RECORDS SUPPLIED:
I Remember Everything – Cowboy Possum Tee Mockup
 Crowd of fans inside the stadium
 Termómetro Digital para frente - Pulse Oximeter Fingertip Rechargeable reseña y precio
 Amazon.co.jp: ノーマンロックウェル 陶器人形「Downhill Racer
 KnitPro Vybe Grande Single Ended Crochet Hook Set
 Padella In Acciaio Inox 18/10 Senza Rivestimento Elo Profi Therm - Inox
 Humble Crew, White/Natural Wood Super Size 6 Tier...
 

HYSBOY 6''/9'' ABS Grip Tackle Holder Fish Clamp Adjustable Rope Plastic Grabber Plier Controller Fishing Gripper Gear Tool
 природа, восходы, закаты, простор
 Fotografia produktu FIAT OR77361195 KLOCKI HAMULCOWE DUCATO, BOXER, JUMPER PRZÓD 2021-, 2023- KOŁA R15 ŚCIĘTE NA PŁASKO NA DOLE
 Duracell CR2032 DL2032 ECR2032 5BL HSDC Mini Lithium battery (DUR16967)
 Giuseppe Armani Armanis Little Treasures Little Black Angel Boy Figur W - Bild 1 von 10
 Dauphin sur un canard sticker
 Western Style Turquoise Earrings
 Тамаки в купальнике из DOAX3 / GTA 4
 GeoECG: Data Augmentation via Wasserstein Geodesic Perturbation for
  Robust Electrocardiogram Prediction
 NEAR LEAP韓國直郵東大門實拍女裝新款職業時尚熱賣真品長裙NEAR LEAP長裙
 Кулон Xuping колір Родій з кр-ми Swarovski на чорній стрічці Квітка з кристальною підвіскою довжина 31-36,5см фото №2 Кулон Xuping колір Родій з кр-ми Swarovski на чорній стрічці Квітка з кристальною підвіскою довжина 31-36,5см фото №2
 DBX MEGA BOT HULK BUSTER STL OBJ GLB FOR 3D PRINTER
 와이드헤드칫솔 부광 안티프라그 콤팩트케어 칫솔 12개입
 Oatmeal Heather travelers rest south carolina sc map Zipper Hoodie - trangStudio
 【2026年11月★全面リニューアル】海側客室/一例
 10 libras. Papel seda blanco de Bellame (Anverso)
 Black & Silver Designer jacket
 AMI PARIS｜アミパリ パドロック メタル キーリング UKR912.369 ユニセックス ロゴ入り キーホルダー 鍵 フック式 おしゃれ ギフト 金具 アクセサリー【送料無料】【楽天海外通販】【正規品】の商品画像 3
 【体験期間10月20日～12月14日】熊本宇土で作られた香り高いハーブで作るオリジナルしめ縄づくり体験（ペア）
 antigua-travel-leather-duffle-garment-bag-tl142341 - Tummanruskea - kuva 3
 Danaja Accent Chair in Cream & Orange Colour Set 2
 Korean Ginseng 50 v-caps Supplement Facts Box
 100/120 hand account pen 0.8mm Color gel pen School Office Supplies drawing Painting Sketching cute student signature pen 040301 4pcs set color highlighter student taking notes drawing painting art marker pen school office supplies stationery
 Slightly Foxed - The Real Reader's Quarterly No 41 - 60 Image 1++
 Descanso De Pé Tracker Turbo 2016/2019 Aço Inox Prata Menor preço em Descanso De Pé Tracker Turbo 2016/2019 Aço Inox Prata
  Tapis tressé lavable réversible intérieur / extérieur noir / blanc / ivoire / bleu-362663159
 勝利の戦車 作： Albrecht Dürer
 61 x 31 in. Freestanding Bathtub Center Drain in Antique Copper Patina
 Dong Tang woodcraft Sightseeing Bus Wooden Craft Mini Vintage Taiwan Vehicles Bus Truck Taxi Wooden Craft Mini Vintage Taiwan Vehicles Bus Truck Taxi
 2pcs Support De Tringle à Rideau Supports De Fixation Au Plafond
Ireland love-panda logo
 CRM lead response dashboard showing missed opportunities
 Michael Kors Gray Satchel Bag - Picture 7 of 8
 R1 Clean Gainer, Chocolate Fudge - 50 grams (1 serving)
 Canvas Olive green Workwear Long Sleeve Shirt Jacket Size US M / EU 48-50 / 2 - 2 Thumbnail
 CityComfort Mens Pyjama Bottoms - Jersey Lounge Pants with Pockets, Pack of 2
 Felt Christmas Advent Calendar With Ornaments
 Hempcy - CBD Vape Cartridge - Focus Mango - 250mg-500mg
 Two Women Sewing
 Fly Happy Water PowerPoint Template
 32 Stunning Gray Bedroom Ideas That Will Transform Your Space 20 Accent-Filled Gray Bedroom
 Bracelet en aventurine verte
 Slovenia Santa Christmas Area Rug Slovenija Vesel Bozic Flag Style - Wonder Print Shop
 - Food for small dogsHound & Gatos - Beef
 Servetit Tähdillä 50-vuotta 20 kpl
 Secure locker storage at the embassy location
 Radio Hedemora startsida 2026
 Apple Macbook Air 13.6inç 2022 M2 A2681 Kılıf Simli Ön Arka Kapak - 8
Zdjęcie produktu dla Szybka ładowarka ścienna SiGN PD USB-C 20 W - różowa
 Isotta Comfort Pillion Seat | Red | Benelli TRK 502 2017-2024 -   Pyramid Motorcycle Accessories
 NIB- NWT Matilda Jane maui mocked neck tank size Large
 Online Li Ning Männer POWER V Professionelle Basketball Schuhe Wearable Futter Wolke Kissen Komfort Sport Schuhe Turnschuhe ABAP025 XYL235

TASK STATEMENT:
Please transcribe, exactly and with nothing added, the lines from the first line of the material above through the line that contains "Amazon.co.jp: ノーマンロックウェル 陶器人形「Downhill Racer".

THE ANSWER:
I Remember Everything – Cowboy Possum Tee Mockup
 Crowd of fans inside the stadium
 Termómetro Digital para frente - Pulse Oximeter Fingertip Rechargeable reseña y precio
 Amazon.co.jp: ノーマンロックウェル 陶器人形「Downhill Racer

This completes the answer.